Crime syndiqué et cinéma : entre langue étrange et langue étrangère
Résumé
Les personnages italo-américains des films de gangsters sont souvent reconnaissables à leur sociolecte, qui justifie notre intérêt dans le cadre de ce volume. Leur fort communautarisme laisse augurer de l’usage de xénismes ou d'emprunts à l’italien, tandis que le caractère dissimulé de leurs activités les oblige à des implicitations à l'aide de métaphores, souvent devenues un argot quasi technolectique. Ce sociolecte peut s’avérer délicat à traduire et on étudie ici son traitement dans les versions françaises doublées et sous-titrées de deux films, de façon à évaluer si, dans un genre aussi parodique que celui de comédies, l’adaptation influe sur la représentation conventionnelle du syndicat du crime comme résultant d’un vice importé et d’une communauté cloisonnée, qui l'isole de la société américaine de laquelle il est pourtant partie prenante.
Car la TAV est vecteur de transfert culturel autant que linguistique et la large diffusion des supports filmiques fait qu’elle participe de la communication interculturelle : les stratégies de sous-titrage et de doublage étant censées relever par essence d’une visée ethnocentrique, qu’advient-il dès lors dans ce processus des marqueurs destinés à souligner au contraire une étrangéité à la fois ethnique et sociale ?
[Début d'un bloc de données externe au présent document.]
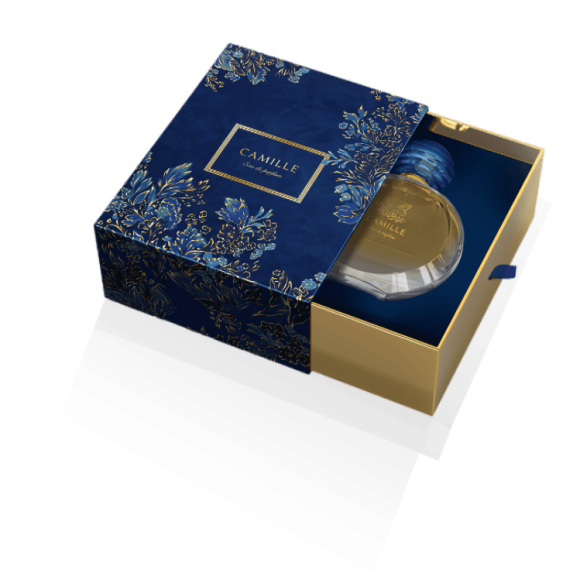 Perfume branding and packaging UAE
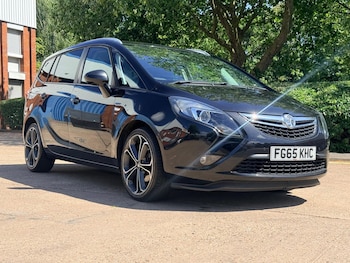 Used Vauxhall Zafira 2015 for sale - 79181135: Photo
Cette problématique nous conduit à aborder dans un premier temps la place des emprunts à l’italien dans la langue américaine et leur traitement dans les différentes versions linguistiques de ces films, puis la langue cryptique que constitue le technolecte argotique du monde de la pègre et ses traductions audiovisuelles dans le corpus. Notre démarche procède d’une analyse traductologique contrastive qui s’appuie sur les outils de la stylistique, la linguistique et la pragmatique pour confronter doxa et praxis, dans une approche herméneutique de la réception appliquée au cinéma.